Source information:
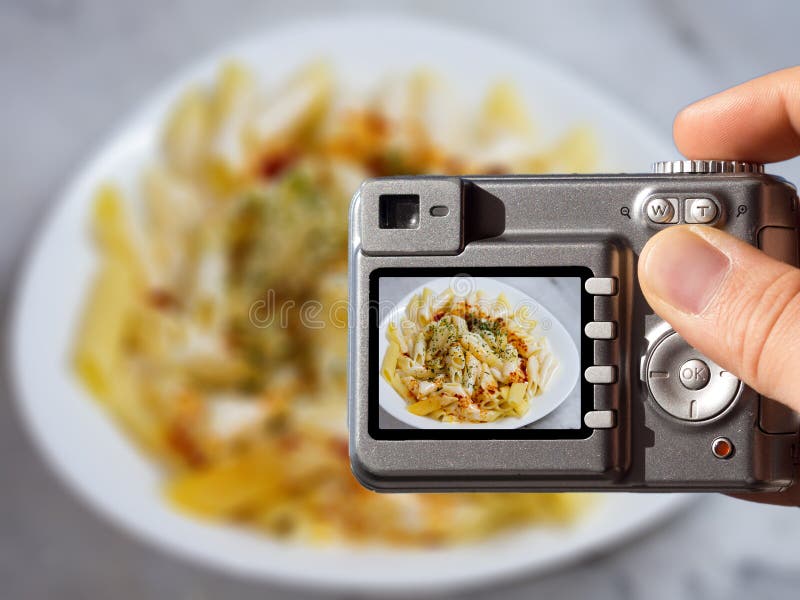 Karmowa fotografii pojęcia fotografia mężczyzna bierze karmową fotografię obrazy royalty free Karmowa fotografii pojęcia fotografia mężczyzna bierze karmową fotografię obrazy royalty free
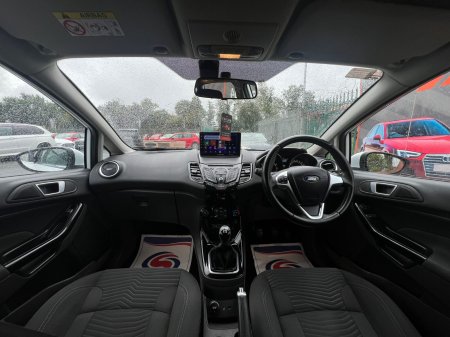 2015 Ford Fiesta - photo 7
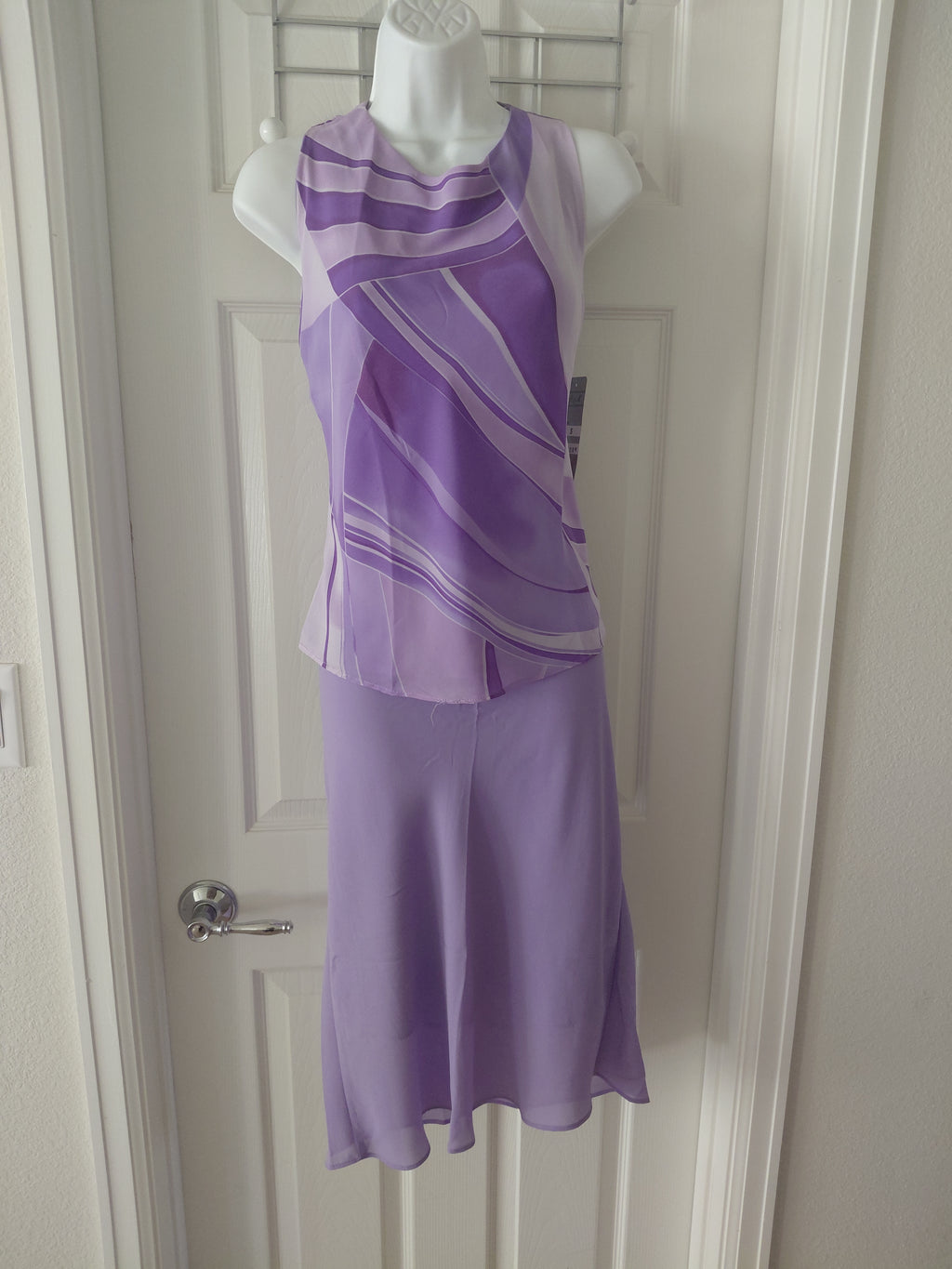 P & M Ladies Lavender 2-Piece Summer Set - Sleeveless Top & Long Skirt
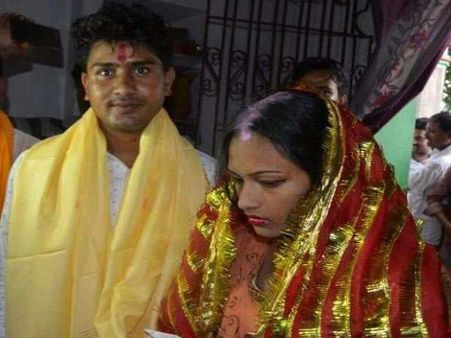 संबंध बनाने के बाद शादी से मुकर गया प्रेमी, फिर थाने में ऐसे हुई दोनों की शादी...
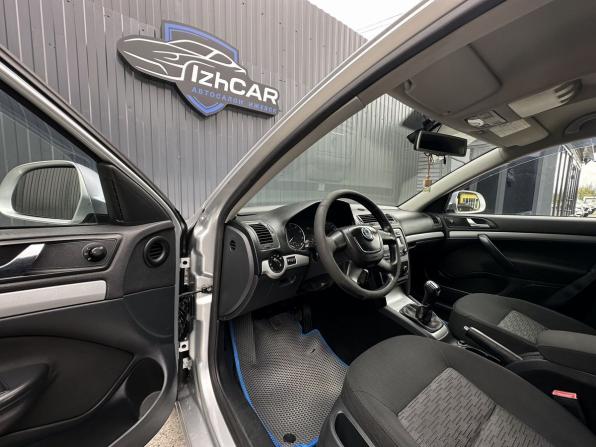 Skoda Octavia II (A5) Рестайлинг с пробегом 2013 года, цена 649 000 рублей, 177100 км, лифтбек, Автокод Объявления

Problem description:
Each line from the one with "P & M Ladies" to the last line of the listing should be returned exactly, both ends included, and no picture with them.

Exercise answer:
 P & M Ladies Lavender 2-Piece Summer Set - Sleeveless Top & Long Skirt
 संबंध बनाने के बाद शादी से मुकर गया प्रेमी, फिर थाने में ऐसे हुई दोनों की शादी...
 Skoda Octavia II (A5) Рестайлинг с пробегом 2013 года, цена 649 000 рублей, 177100 км, лифтбек, Автокод Объявления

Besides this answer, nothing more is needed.